Glove could get caught and pull your hand into grinder, would be my guess.

Baby Huey
08-23-2013, 08:08 AM
Yeah it is bad practice to use gloves on any stationary rotating equipment.

Mrmnms
08-23-2013, 11:14 AM
I confess that I sometimes use gloves with a grinder . Judging from the shape of his hands, I can understand why he does.

cheezit
08-23-2013, 10:07 PM
Kramer just put on a two hour demonstration today at the Western Blacksmith Conference in Mt. Hood, Oregon. It was a pretty great demonstration and I'm sorry I don't have any photographs from it.

CrisAnderson27
08-23-2013, 10:29 PM
I use gloves with all of my grinders. I happen to like my skin intact and undamaged as one complete organ. Unless its a heat treated blade. At that point, when I say 'ouch!' (human skin feels pain from temperature at 115F to 130F...WAY below tempering temperature) its time to dunk it again lol.

Crothcipt
08-24-2013, 12:32 AM
Kramer just put on a two hour demonstration today at the Western Blacksmith Conference in Mt. Hood, Oregon. It was a pretty great demonstration and I'm sorry I don't have any photographs from it.
Dang went to the ABS one in Ohio

cheezit
08-24-2013, 01:01 AM
Dang went to the ABS one in Ohio

It was really cool. Murray Carter showed halfway during the demonstration and talked with Mr. Kramer afterwards. It was awesome to see two of the greatest kitchen knifemakers in the world discussing their craft with each other.

brainsausage
08-24-2013, 01:27 AM
Did Murray tell Kramer that his profiles are junk? Or did Kramer tell Murray to jack his prices up and make way less knives a year? Or am I just fecking exhausted and drunk?

cheezit
08-24-2013, 01:40 AM
Definitely the latter! After the demonstration they talked for a long time and even took pictures with each other. It believe Murray Carter was also translating for two guests. I heard they were from the steel factory that produces the SG2 for the Kramer Zweilling line.

Salty dog
08-24-2013, 01:40 AM
His OTB edges are nothing to write home about.

brainsausage
08-24-2013, 01:49 AM
Definitely the latter! After the demonstration they talked for a long time and even took pictures with each other. It believe Murray Carter was also translating for two guests. I heard they were from the steel factory that produces the SG2 for the Kramer Zweilling line.
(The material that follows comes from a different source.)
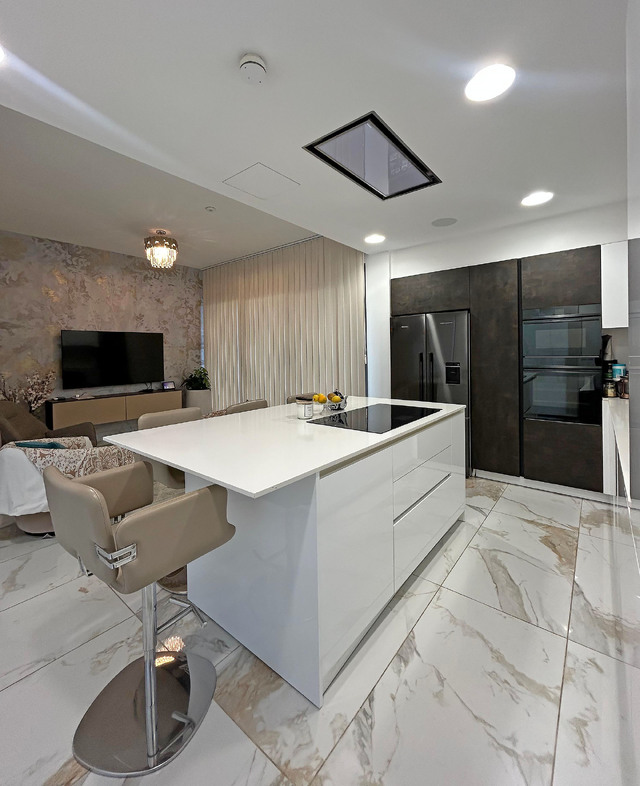 detachedHouse-a708f7b9-9afa-4107-97a4-ed3873b4bcd1-copy.jpg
So Murray was trying to set up a deal to have knives stamped out with his name on them too?

cheezit
08-24-2013, 02:12 AM
I was there for a Kramer presentation, not to listen to peoples conversations. Overall Kramer gave a super great demo. He said that his 52100 has a grain structure that is at 2microns, and that his Kramer Zweilling line, with the particle steel, is almost as small. His personal attention and heat treat is obviously the difference.

eaglerock
08-24-2013, 04:47 AM
It was really cool. Murray Carter showed halfway during the demonstration and talked with Mr. Kramer afterwards. It was awesome to see two of the greatest kitchen knifemakers in the world discussing their craft with each other.

Do you really think so ?

cheezit
08-24-2013, 09:14 AM
Yes, but don't let my opinion affect what you believe.

mikemac
08-24-2013, 10:20 AM
So Murray was trying to set up a deal to have knives stamped out with his name on them too?
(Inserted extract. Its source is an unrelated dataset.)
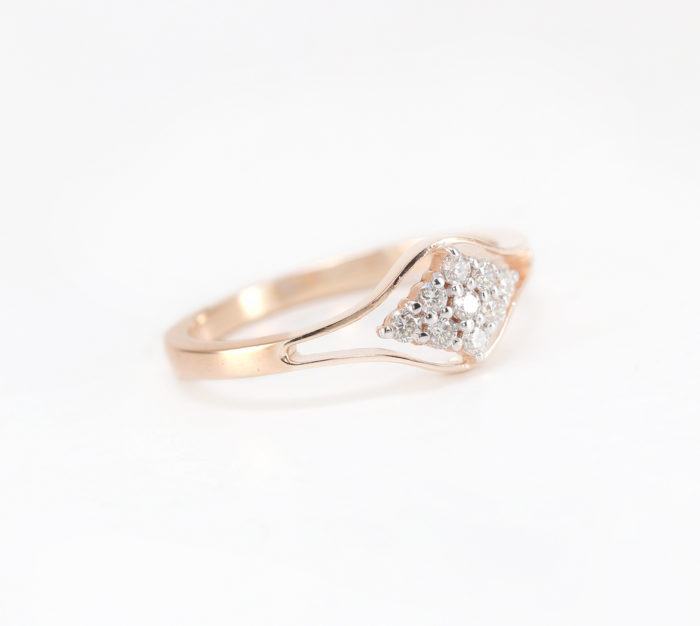 14K Rose Gold Delicate and Modest Ideas Diamond Ring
Sadly, he stopped doing that about 6 - 7 years ago....

keithsaltydog
08-24-2013, 03:30 PM
I did sweep method before I learned Japan style.Using fingerpads near the edge.pressure on trailing stroke.Moving along the edge heel to tip.It did not take long to master & I never had to use a dull knife again.
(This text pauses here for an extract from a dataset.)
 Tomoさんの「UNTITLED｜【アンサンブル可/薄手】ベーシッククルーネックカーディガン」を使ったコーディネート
I watched Kramer's honing video,he made some good points until he said most people don't put enough pressure on the steel,my experience is that most people put too much press. on the steel.If you use a steel lite measured strokes on smooth steels or ceramics works best.

Not saying that his tech. sharpening not good.If you get the blade sharp thats what counts.I am a little biased though,feel that Japan style works best.

keithsaltydog
08-25-2013, 04:38 PM
I use gloves with all of my grinders. I happen to like my skin intact and undamaged as one complete organ. Unless its a heat treated blade. At that point, when I say 'ouch!' (human skin feels pain from temperature at 115F to 130F...WAY below tempering temperature) its time to dunk it again lol.

Yes bare hand on blades soon as feel any heat dunk it.